Output nothing except the lines from the one containing "Young couple kissing in basket" through the final line of the data, both included, typed exactly, minus the pictures.
***** EXERCISE MATERIALS
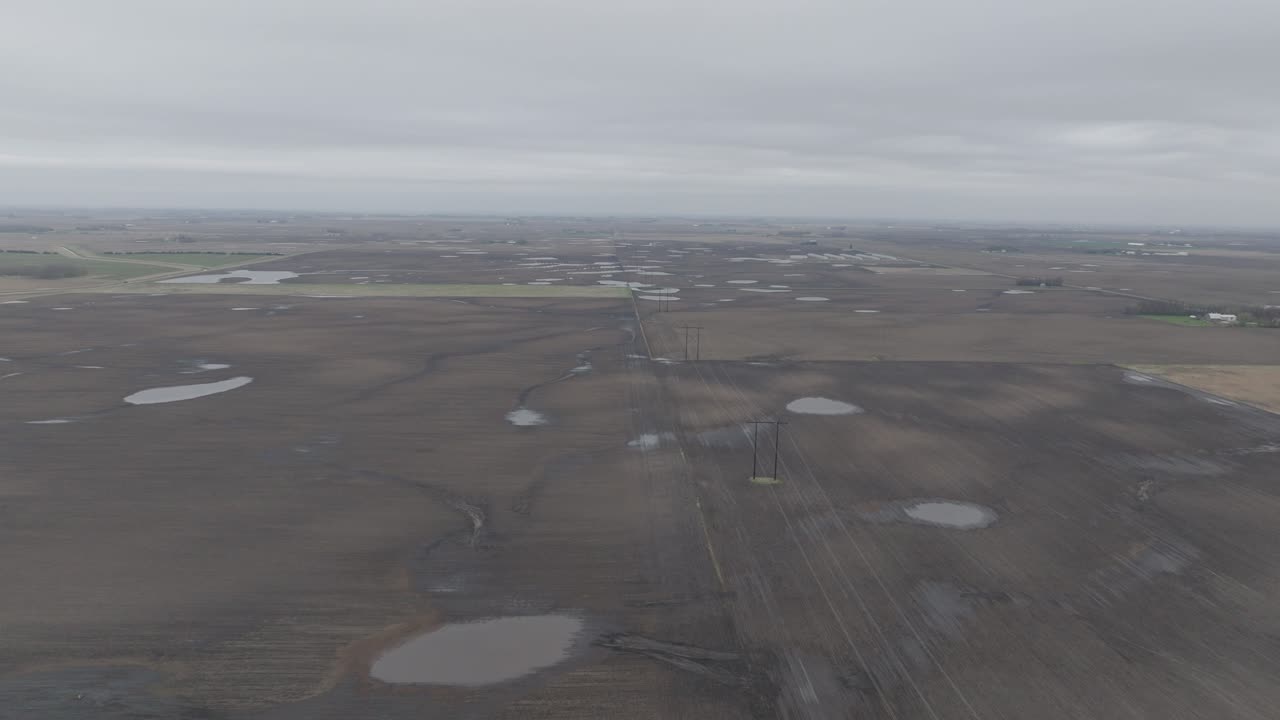 Electrial Overhead Line Over The Rural Fields On A Foggy And Gloomy Day. - aerial shot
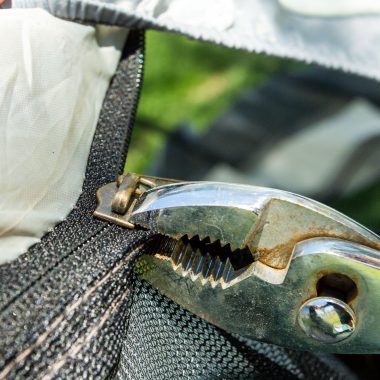 Pliers holds a tent zipper.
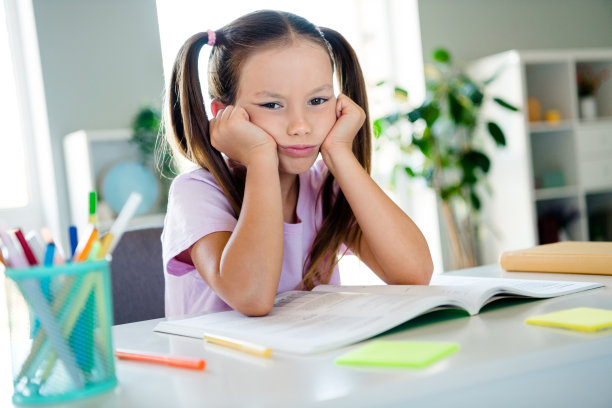 不满意的懒学生坐在椅子上的照片，手摸脸颊，打开了书，桌面房子里面图片下载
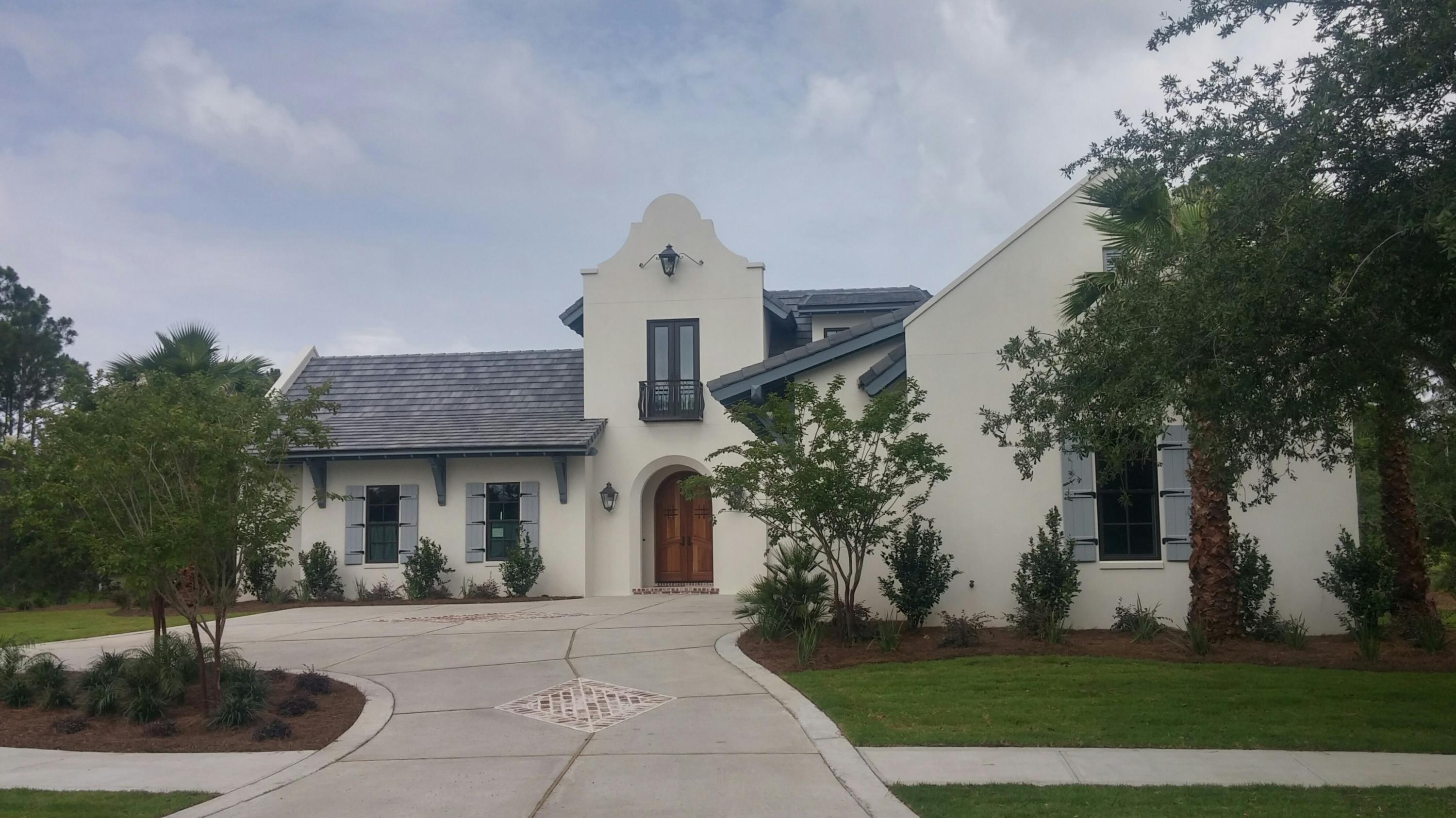 New Custom Home on lake and golf course at Burnt Pine. Stunning white masonry home inspired by the architecture of Bermuda and Antigua. Home has 3 bedrooms, 3.5 baths, office, and 3 car garage. Spacious open floor plan for the Living, Dining, and Kitchen area. Gourmet kitchen has grey cabinets with taj mahal quartzite countertops, Sub Zero Refrigerator, 48'' Wolf double oven stove, Bosch dishwasher, ice maker, refrigerator drawers, and large walk in pantry. Other features include wire brushed hardwood floors in the entire house, beamed ceilings in living room and master bedroom, bricked arched walls in foyer and kitchen, large walk in master closet with custom shelving and custom bathtub in master bath. Great screened porch with brick floors overlooking the lake, golf course, and courtyard
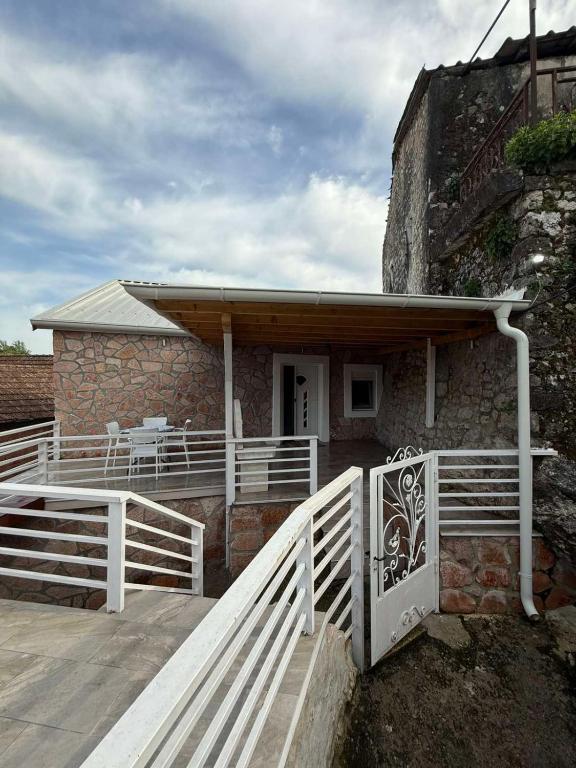 a house with a white fence in front of it at Rina House in Žabljak
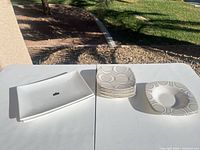 Overall lot: two rectangular platters, stack of salad plates, soup bowl showing pattern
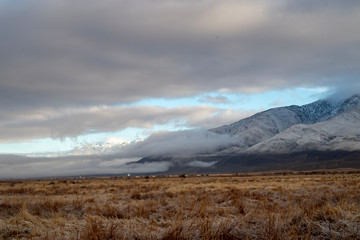 Fototapeta premium winter valley clouds hang around mountain range snowy peaks morning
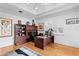 Home office with hardwood floors, a built-in bookshelf, and a large window with shutters for natural light at 926 Anchorage Rd, Tampa, FL 33602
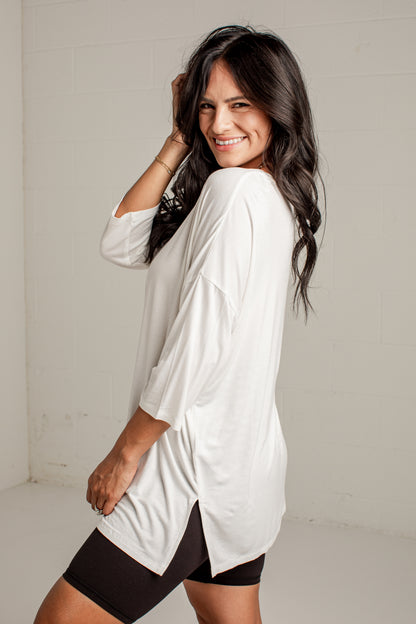 A woman modeling a white, oversized three-quarter sleeve tunic top with a high-low hem over black athletic shorts, standing against a light gray brick wall.
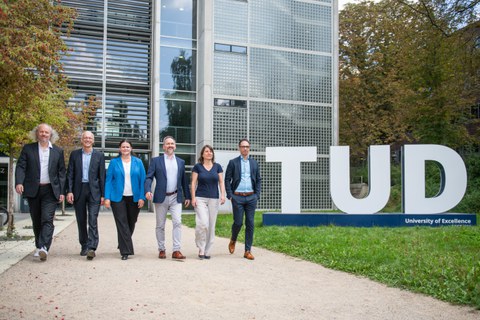 The six Speakers of the Clusters of Excellence - Professors Fitzek, Vojta, Vaynzof, Mechtcherine, von Kriegstein and Campàs - walk side by side on the lawn behind the Auditorium Center. The TUD logo is visible in the background.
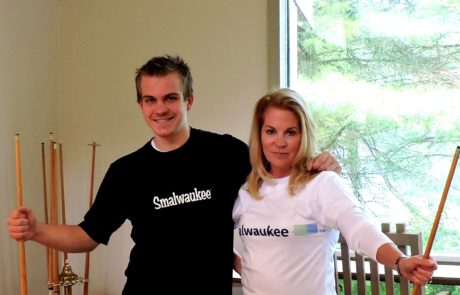2 people wearing posing wearing smalwaukee shirts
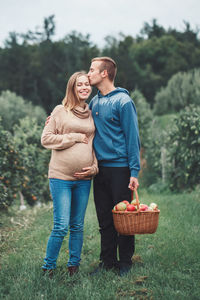 Young couple kissing in basket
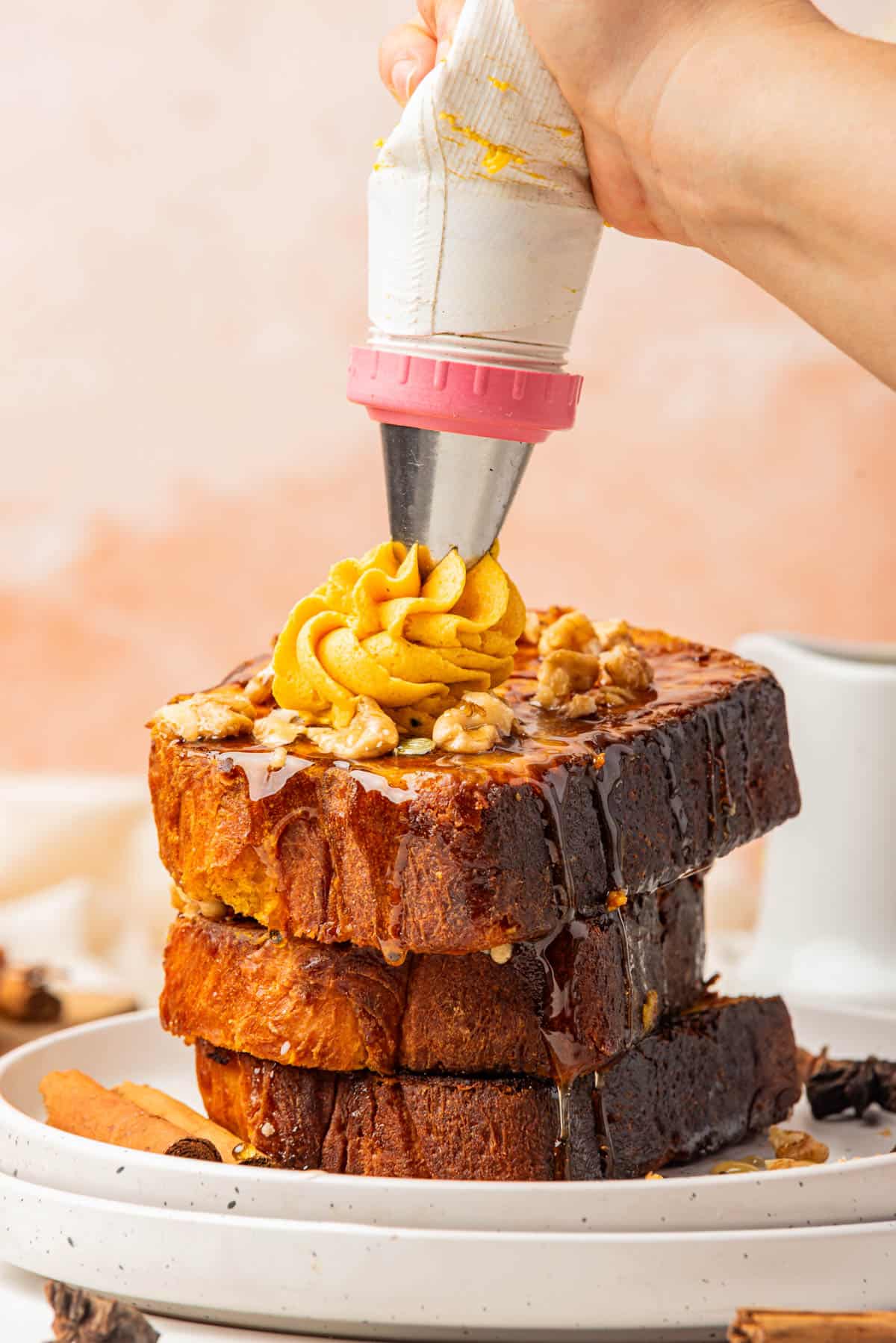 Piping swirls of pumpkin butter on top of a stack of pumpkin french toast.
**********
→ REPLY
 Young couple kissing in basket
 Piping swirls of pumpkin butter on top of a stack of pumpkin french toast.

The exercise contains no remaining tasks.